La historia de los desdenes y el debate en torno de la propiedad de la lengua, que es también la propiedad de las editoriales, los medios de prensa y las multinaciones suele congelar en la posición del esclavo al traductor argentino. Se fija así el retrato del nunca del todo asimilado americano a los usos españoles, el ofendido acopiador de insultos o el necesario detector de todas las mascaradas y apropiaciones que, a través de adaptaciones y torpes variaciones léxicas han convertido en artefactos ilegibles, pseudo españoles, traducciones argentinas de la época dorada de la edición rioplatense.

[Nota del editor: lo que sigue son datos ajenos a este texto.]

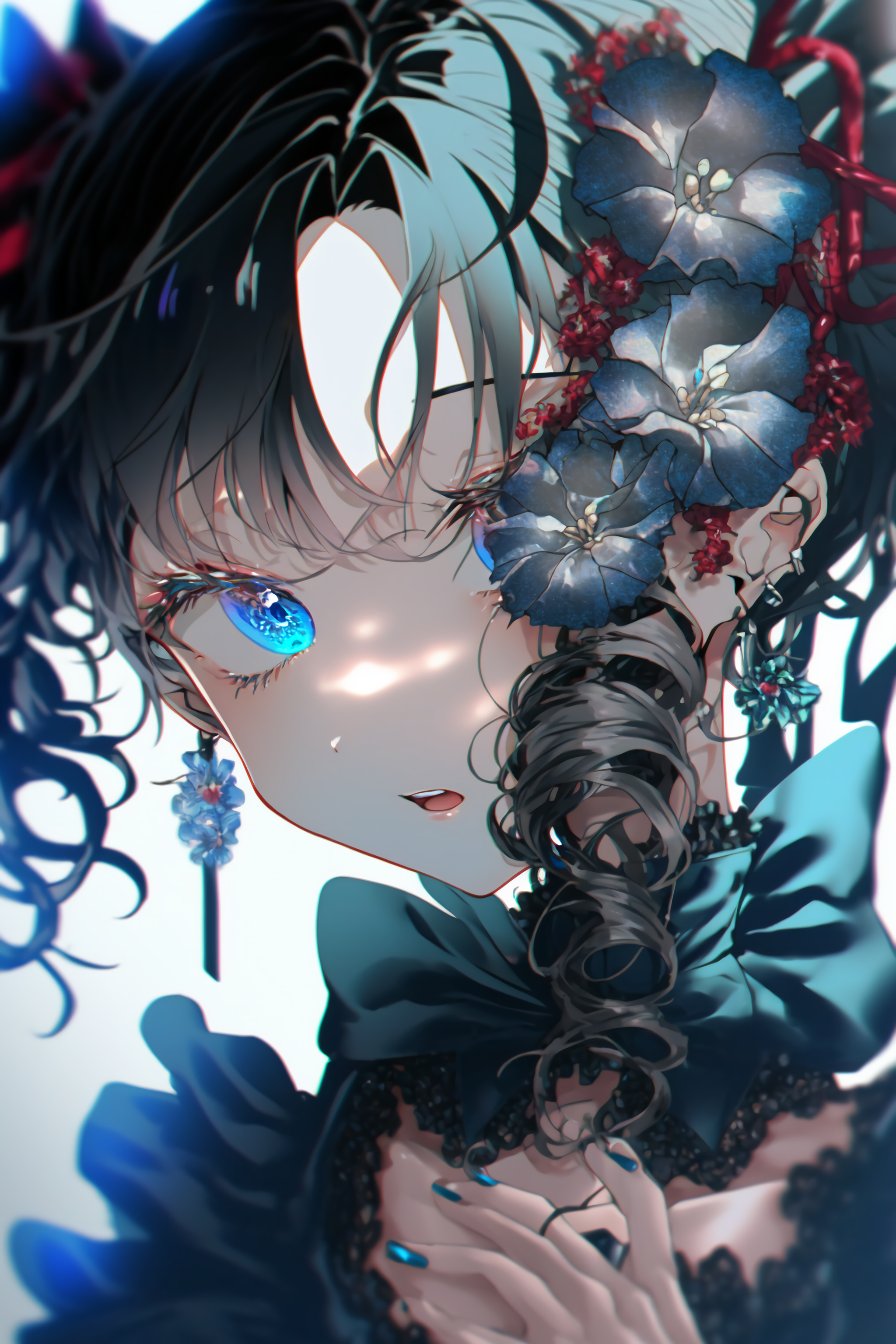 Anime Girls Flowers Blue Eyes Vertical Flower In Hair One Eye Obstructed Eyes Twintails 2048x3072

No abundaré aquí en ese repertorio inacabable: al revés, quiero detenerme en alguien que desempeñó todos los papeles del exiliado en el medio literario español y, al volver a Argentina, imaginó que el centro del idioma podia trasladarse a Latinoamérica (Buenos Aires, Bogotá) y sumar a los españoles a una tarea común que, en lugar de igualar los registros de la lengua, la hiciese convivir en el choque literario y lingüístico: Marcelo Cohen, que vivió en Barcelona entre 1975 y 1996. No sólo lo imaginó sino que lo realizó. Se convirtió en gestor y editor, en mediador, en administrador de ese vértice inesperado de la vida editorial argentina y latinoamericana. En los años noventa del siglo XX diseñó la traducción de todo Shakespeare por escritores de todas las variantes del castellano, incluída la española que esta vez, invirtiendo la centralidad que es su más preciado –y, a esta altura, injustificado– valor normativo, era una más entre otras. La colección apareció en 2000.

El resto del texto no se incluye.